The players say they are prepared thanks to the tip sheets Pees provides. For example, safety Kevin Byard’s red zone interception against the Dallas Cowboys in Week 9 happened because of a tip from Pees. Byard said Pees alerted the defense to a specific part of Cowboys right tackle La’el Collins’ stance that indicated he was going to pass block. Dallas called a play-action pass, but Byard never bit on the run fake thanks to the tip from Pees, which allowed him to pick up the wide receiver running a crossing route and intercept the pass.
Pees dialed up timely blitzes that resulted in sacks by sending Byard or cornerback Logan Ryan after the quarterback. Safety Kenny Vaccaro said Pees’ playcalling is like, “Jordan in the fourth quarter.” But the scheme will only get the Titans so far.

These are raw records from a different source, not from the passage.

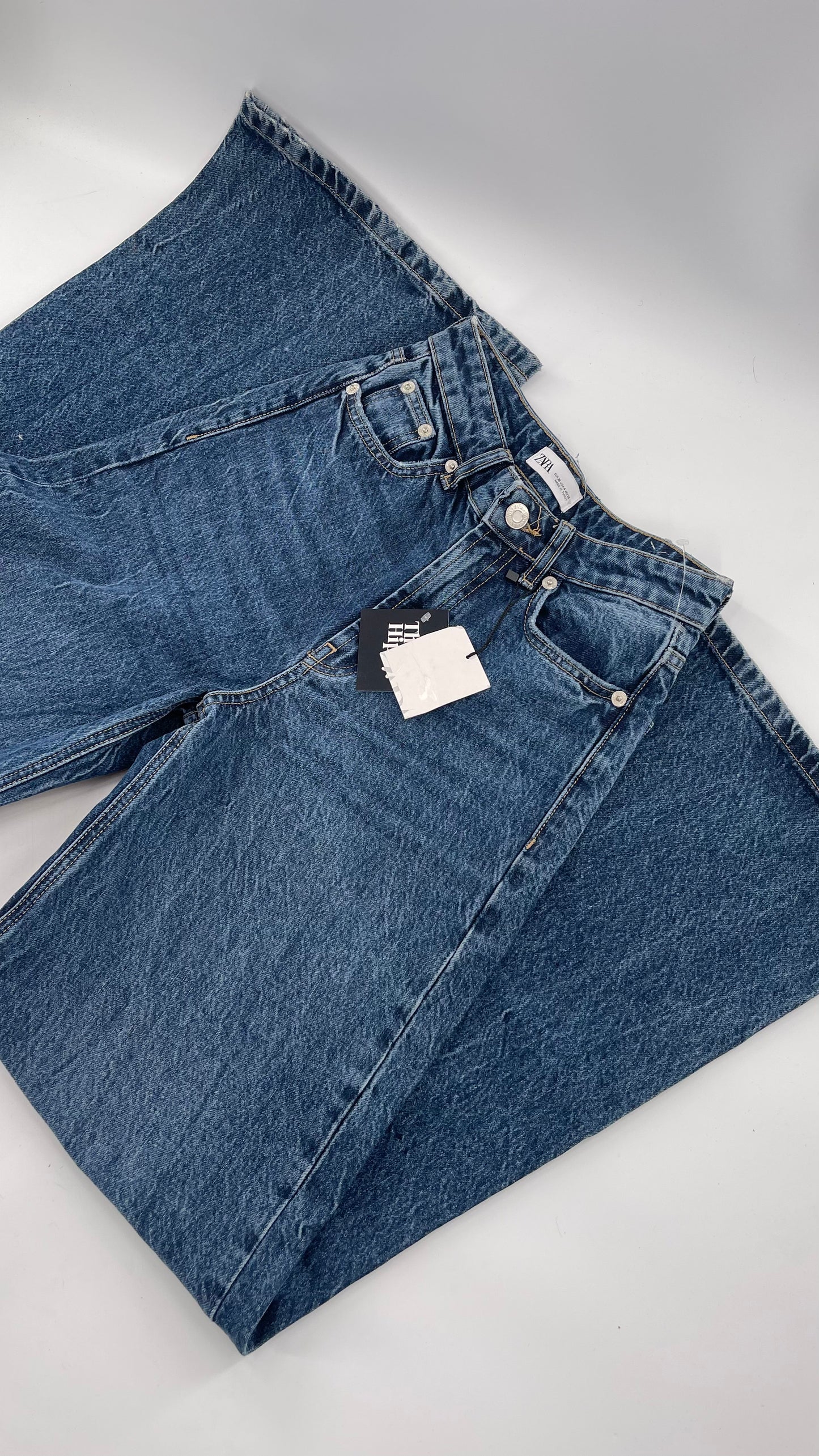 ZARA Medium Wash Denim High Waisted Wide Legs (4)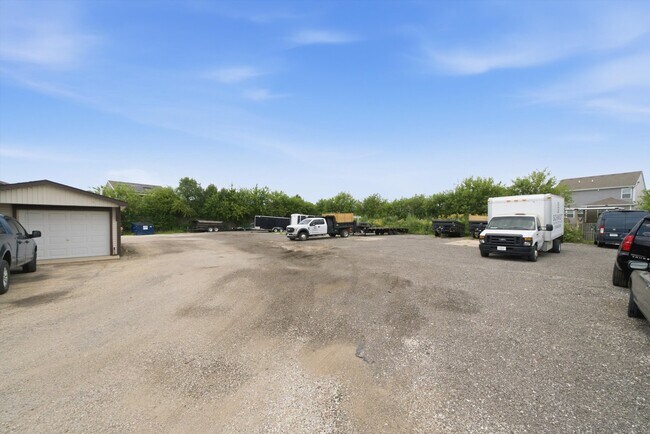 Building Photo - 24134 IL-53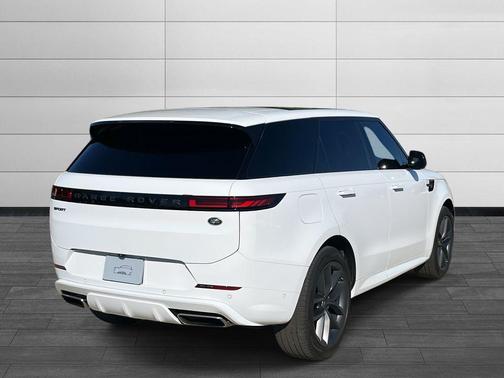 2023 Land Rover Range Rover Sport SE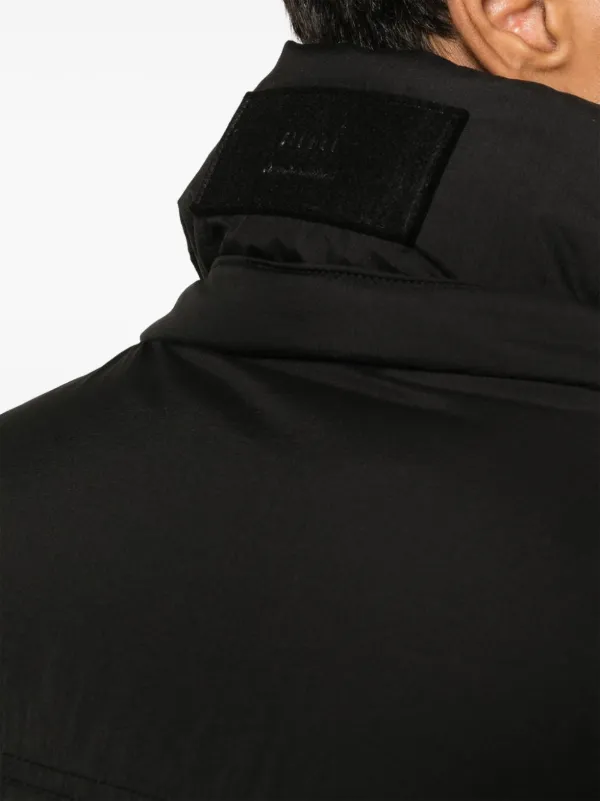 AMI Paris フーデッド パデッドベスト | ブラック | FARFETCH JP
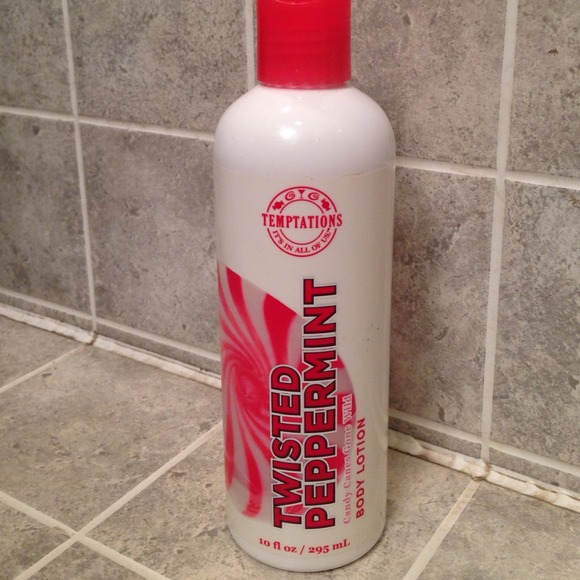🚫TRADED🚫Twisted peppermint body lotion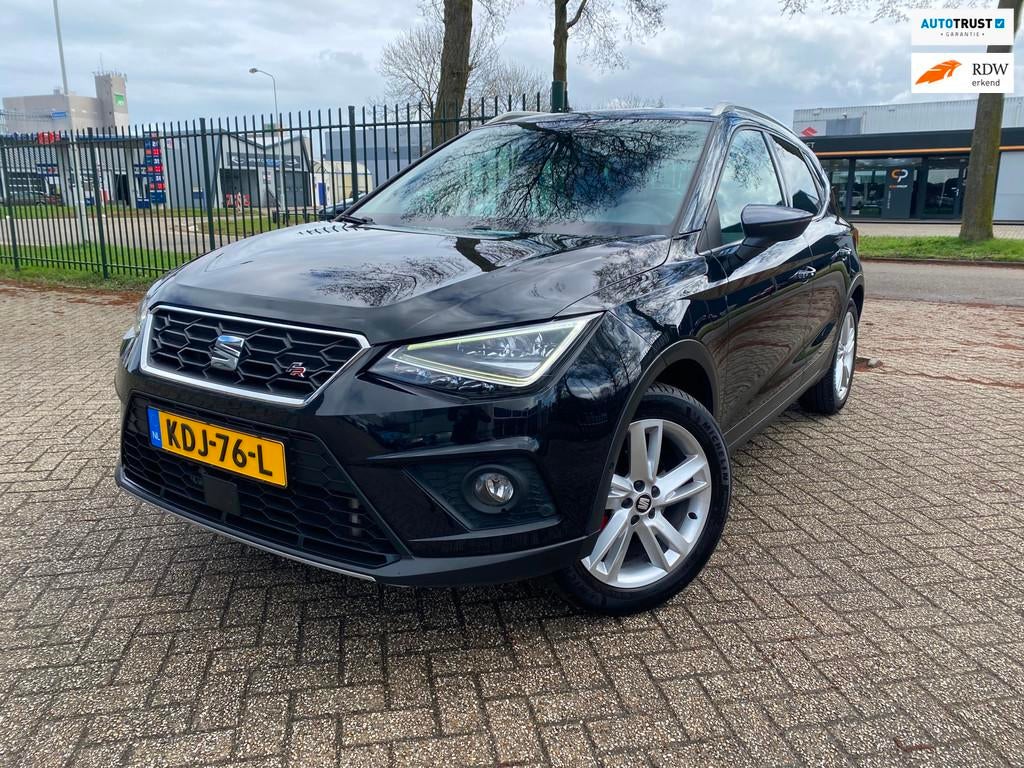 Seat ARONA 1.0 TSI FR Business Intense Camera Apple CarPlay, Gebruikt, Zwart, Bedrijf, 600 kg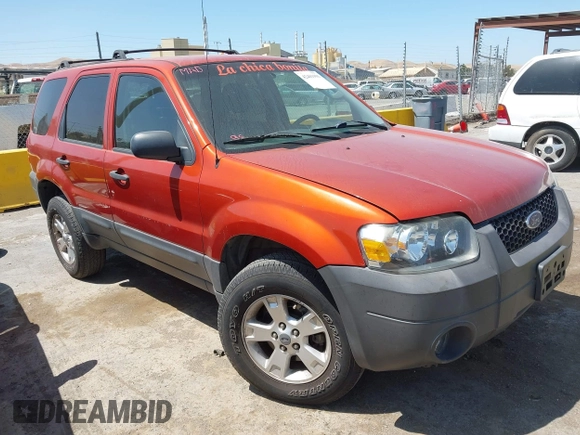 2006 Ford Escape XLT z VIN 1FMCU93126KD09603, wystawiony jako IAAI lot #42401991 z przebiegiem 124 167 mil mil oraz . Historia ofert i sprzedaży dostępna na DreamBid. Obrazek 1.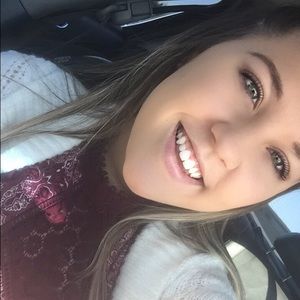 Meet your Posher, Michaela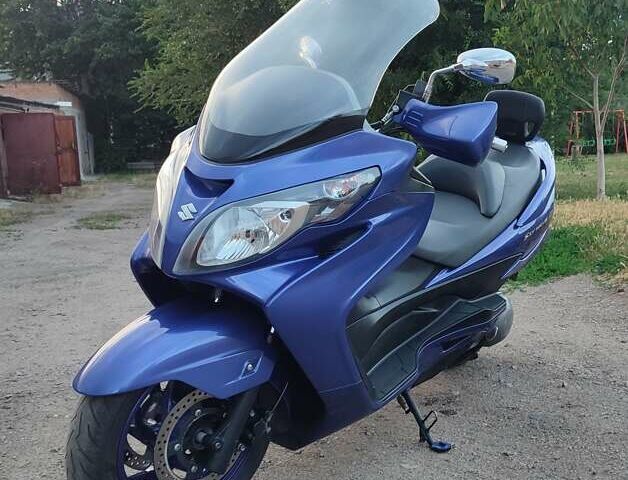 Синій Сузукі Skywave 400, об'ємом двигуна 0.4 л та пробігом 34 тис. км за 2850 $, фото 1 на Automoto.ua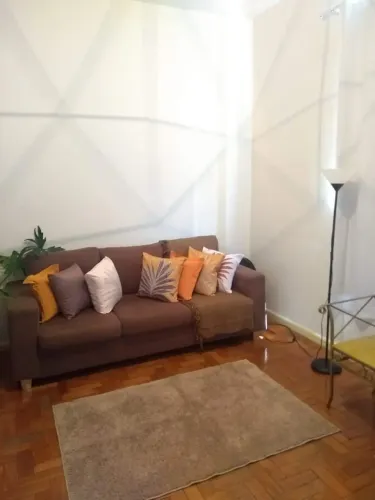 Sofá 3 lugares de espuma selada (higienizado profissionalmente em julho/26) - R$700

The defense has holes to address, such as finding an impact pass-rusher. Outside linebacker Harold Landry, a second-round pick in 2018, is the Titans’ best option, but fourth-year linebacker Kamalei Correa is their veteran edge rusher. The Titans should add a veteran free agent such as Za’Darius Smith, who posted 8.5 sacks for the Ravens last season — including three against the Titans.

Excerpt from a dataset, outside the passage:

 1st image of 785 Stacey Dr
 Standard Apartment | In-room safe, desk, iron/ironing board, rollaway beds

Pees had an integral role in the Ravens selecting Smith in the fourth round of the 2015 draft. He was at Smith’s pro day in Kentucky and told him he’d be a Raven. And having Pees in place lessens the risk of the scheme not matching the player, because Smith has already excelled in the same system. Smith would give the Titans a player who can line up at outside linebacker in base defense and as a four or five technique in nickel packages. Defensive tackle Jurrell Casey draws a lot of attention from opposing offenses and needs a running mate who can take advantage of one-on-one matchups.

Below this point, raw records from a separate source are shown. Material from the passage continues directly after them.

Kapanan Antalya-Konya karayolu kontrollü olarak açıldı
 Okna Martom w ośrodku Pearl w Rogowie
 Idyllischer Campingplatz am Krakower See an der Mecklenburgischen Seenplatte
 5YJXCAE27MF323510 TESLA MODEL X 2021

Adding a pure outside linebacker in the draft — such as Florida’s Jachai Polite, Mississippi State’s Montez Sweat or Florida State’s Brian Burns — would be the finishing piece for the Titans’ defense. A rookie could provide pressure off the edge, giving quarterbacks less time to wait for the wide receivers to run their routes, thus helping the secondary.
Re-signing Vaccaro is a necessity as well. He quickly became a player who set the tone for the defense last season. Former Titans safety Michael Griffin pointed out that Vaccaro and Byard gave Pees a group similar to the Super Bowl XLVII-winning secondary that featured Ed Reed (ballhawk) and Bernard Pollard (thumper).
Tightening things up on the back end is crucial for the Titans’ defense to take the next step. The secondary struggled early in the season, giving up big plays such as Eagles wideout Jordan Matthews’ 51-yard touchdown reception and a 75-yard score by Chargers receiver Tyrell Williams, but they rebounded and finished with seven plays of 40 yards or more allowed.
“Whenever you have a secondary that doesn’t give up big plays, you are going to have a heckuva defense,” Pees said.